Skip to first unread message

phantom...@gmail.com

unread,

Apr 3, 2014, 6:32:26 PM4/3/14

to common...@googlegroups.com

What's the approximate total size of all the metadata of the latest common crawl.

I'm not an active Amazon developer and Amazon has a bug with my S3 account now and I'm waiting for them to fix it...

That and this would generally save me a bunch of time.

My goal is to just download all the metadata if it's reasonably sized and process it within our cluster.

David Parks

unread,

Apr 13, 2014, 12:29:29 PM4/13/14

to common...@googlegroups.com

Just a very cursory look here, but I see that there are 100 WAT files for each segment, and they look to be roughly 225MB each (eyeballed average). Looks like 557 segments in the most recent crawl. So I'm getting about 12.5 TB total compressed metadata size.
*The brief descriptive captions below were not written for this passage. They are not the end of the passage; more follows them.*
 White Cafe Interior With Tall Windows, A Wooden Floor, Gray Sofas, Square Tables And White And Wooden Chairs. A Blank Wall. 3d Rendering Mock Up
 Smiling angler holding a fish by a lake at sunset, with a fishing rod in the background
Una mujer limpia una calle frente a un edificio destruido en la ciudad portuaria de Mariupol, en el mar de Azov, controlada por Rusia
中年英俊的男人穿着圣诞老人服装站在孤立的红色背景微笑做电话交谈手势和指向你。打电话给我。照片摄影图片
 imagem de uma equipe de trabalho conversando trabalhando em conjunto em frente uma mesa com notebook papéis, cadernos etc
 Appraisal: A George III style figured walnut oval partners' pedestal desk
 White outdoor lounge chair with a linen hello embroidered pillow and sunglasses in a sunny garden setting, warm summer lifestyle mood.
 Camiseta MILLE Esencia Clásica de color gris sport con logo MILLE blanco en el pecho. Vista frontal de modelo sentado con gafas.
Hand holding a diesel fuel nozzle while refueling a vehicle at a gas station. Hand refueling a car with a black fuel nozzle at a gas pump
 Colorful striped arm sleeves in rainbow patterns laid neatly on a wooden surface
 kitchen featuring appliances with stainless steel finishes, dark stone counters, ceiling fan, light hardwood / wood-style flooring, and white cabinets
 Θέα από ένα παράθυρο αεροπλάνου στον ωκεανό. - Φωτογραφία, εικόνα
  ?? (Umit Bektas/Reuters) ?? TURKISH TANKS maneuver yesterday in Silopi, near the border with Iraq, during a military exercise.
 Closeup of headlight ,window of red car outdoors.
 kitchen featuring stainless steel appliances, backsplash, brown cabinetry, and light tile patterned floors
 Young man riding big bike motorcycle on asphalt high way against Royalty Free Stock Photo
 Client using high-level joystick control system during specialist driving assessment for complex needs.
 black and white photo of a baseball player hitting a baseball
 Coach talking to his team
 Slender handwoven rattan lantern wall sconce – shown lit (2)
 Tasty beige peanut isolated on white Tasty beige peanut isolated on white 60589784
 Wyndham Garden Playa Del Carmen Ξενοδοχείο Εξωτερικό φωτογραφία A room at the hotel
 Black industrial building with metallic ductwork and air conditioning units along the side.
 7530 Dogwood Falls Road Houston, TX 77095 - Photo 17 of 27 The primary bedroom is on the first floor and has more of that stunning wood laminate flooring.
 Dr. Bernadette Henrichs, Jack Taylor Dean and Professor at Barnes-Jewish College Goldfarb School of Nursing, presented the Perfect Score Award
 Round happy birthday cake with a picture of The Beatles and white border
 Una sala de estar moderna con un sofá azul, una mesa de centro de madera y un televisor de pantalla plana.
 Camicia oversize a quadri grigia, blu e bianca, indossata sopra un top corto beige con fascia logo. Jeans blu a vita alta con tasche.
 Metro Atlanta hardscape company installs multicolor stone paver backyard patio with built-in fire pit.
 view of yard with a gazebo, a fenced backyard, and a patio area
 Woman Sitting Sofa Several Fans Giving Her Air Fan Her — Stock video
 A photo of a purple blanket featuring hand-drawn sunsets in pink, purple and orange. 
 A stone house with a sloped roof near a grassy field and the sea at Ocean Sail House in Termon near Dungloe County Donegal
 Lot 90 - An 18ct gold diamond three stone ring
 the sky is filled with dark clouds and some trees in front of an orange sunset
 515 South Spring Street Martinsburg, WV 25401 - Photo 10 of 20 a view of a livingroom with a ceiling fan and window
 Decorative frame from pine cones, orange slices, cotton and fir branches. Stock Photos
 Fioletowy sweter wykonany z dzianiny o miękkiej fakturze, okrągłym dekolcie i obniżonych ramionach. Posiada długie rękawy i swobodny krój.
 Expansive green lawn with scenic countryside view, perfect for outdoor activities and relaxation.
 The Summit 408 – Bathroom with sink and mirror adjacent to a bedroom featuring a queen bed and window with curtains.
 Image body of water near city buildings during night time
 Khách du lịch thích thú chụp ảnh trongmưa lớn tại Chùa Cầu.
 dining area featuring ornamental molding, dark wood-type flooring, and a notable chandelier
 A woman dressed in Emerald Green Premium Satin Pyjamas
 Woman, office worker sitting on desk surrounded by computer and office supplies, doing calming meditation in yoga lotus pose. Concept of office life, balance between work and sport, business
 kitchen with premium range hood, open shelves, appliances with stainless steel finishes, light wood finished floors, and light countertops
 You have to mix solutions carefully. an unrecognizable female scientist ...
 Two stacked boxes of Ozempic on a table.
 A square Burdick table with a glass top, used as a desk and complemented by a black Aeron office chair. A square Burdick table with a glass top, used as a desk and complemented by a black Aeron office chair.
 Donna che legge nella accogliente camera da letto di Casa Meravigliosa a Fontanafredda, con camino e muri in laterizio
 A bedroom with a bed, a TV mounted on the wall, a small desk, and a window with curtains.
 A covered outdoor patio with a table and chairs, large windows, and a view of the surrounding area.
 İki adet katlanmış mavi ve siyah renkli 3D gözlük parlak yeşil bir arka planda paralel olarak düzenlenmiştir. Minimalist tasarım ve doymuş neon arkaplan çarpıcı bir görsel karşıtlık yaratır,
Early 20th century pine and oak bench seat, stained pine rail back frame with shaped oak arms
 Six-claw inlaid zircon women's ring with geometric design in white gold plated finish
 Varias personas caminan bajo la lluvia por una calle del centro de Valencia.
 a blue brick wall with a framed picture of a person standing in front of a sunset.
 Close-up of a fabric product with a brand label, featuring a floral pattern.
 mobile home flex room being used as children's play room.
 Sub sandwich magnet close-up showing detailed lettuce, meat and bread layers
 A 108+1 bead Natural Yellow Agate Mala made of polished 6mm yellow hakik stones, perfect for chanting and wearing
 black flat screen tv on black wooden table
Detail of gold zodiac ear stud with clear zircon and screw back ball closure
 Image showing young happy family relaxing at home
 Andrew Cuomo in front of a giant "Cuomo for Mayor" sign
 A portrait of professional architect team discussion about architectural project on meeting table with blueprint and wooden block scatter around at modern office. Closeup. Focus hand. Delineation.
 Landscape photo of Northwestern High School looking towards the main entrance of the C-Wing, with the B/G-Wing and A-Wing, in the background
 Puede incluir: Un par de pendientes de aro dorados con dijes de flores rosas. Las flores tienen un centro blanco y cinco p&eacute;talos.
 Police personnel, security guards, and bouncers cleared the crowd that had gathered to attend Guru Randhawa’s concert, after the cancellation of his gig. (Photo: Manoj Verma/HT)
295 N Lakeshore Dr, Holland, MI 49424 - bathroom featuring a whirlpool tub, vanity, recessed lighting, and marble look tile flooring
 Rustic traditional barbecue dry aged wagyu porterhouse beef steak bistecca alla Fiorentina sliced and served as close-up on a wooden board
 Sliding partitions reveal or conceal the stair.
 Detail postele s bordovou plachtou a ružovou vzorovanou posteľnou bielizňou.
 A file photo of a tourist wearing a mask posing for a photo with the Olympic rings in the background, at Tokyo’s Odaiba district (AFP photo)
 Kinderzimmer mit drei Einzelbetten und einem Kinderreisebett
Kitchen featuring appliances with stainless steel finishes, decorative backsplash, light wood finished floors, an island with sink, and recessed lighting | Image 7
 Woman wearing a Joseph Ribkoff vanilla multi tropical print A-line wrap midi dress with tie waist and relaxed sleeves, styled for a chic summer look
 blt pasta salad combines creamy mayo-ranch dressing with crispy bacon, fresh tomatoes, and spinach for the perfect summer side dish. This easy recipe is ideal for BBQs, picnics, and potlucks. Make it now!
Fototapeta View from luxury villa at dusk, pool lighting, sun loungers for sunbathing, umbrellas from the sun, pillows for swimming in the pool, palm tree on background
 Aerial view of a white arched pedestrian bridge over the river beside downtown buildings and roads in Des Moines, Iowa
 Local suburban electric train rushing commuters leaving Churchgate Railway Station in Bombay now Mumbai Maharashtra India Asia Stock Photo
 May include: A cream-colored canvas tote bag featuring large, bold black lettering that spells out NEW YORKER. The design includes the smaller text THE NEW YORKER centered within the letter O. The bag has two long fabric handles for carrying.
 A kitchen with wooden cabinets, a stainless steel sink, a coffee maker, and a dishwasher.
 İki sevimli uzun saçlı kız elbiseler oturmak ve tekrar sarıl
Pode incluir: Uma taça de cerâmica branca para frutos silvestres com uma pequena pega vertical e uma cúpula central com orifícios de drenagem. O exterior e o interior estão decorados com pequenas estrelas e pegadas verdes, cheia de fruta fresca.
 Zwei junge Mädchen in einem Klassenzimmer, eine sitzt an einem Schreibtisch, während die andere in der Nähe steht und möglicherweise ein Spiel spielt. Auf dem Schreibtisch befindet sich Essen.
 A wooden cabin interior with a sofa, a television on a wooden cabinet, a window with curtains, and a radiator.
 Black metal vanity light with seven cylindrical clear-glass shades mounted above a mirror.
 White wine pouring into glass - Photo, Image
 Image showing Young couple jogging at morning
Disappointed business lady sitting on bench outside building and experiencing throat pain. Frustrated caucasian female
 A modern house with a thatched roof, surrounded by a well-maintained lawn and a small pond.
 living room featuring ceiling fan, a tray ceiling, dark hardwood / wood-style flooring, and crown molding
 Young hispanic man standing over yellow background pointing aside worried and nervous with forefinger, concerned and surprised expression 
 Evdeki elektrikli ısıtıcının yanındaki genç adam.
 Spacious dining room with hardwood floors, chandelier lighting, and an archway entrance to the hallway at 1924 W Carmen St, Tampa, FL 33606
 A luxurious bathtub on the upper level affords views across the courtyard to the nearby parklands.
I once downloaded 300GB from S3, it took me about a week and a reasonable vocabulary of swear words. I'd suggest sending them (snail mail) a few disks and having them load the data directly onto disk (AWS offers a service for loading S3 data onto physical media you mail them). That'll run you a few hundreds of dollars I guess. Or suck it up and just use their hadoop cluster.